> _PROBLEM REQUIREMENTS_:
Reproduce, word for word, the lines in the material below starting with the one that has "У Кам’янському чотирилапі" and going on through the one that has "Şenol Demir listeyi". Leave out all pictures.

SUPPLIED DATA: Begin

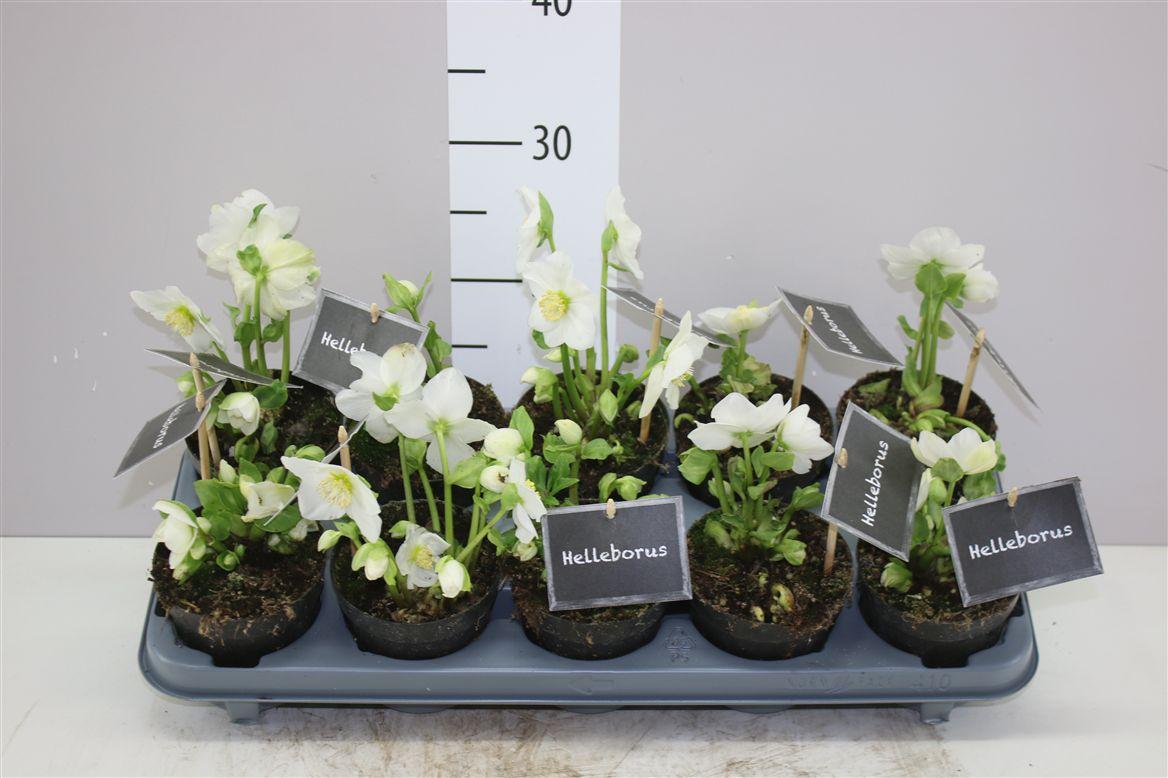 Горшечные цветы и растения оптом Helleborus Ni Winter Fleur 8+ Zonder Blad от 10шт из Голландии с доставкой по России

SUPPLIED DATA: End
SUPPLIED DATA: Begin

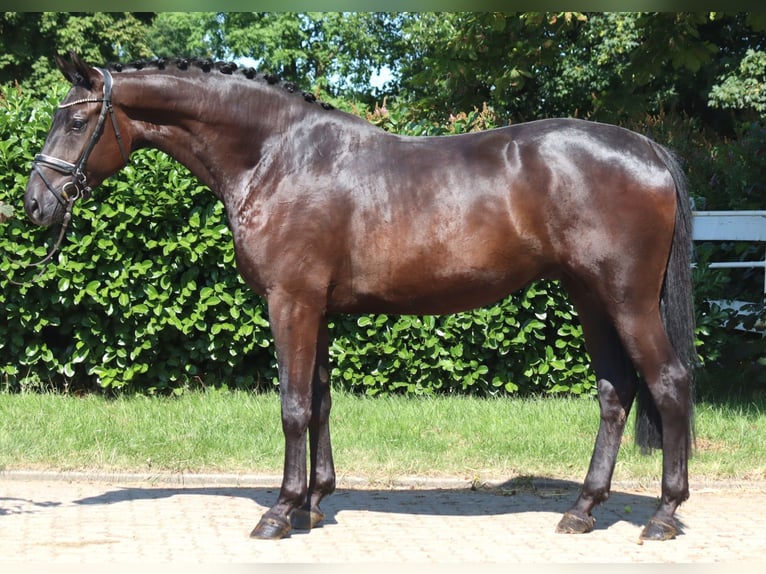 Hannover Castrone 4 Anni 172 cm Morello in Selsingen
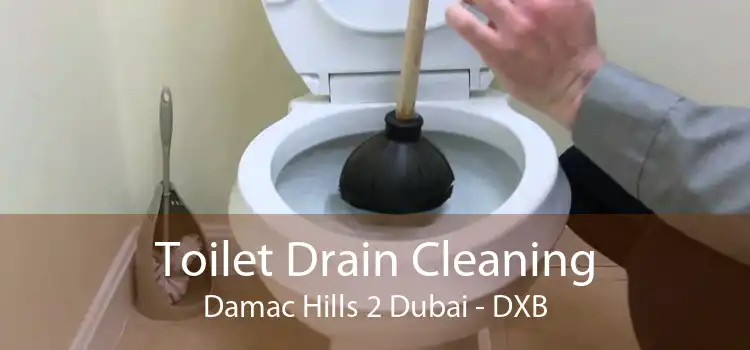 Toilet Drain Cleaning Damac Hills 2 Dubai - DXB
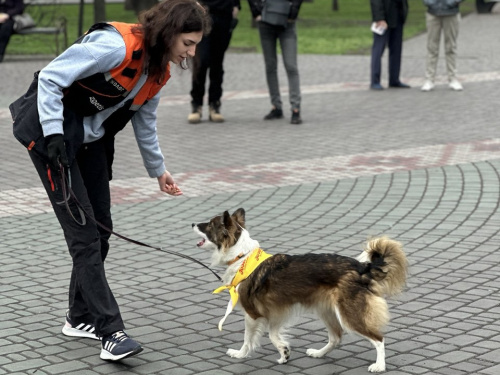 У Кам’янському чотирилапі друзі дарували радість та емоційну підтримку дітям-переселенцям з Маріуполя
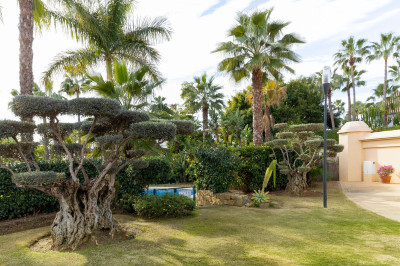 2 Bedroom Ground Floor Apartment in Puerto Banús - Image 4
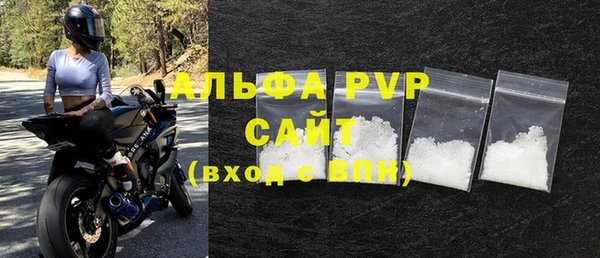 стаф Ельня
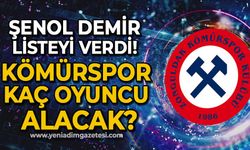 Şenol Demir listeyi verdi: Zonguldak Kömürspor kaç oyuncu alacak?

SUPPLIED DATA: End

> _TASK SOLUTION_:
 У Кам’янському чотирилапі друзі дарували радість та емоційну підтримку дітям-переселенцям з Маріуполя
 2 Bedroom Ground Floor Apartment in Puerto Banús - Image 4
 стаф Ельня
 Şenol Demir listeyi verdi: Zonguldak Kömürspor kaç oyuncu alacak?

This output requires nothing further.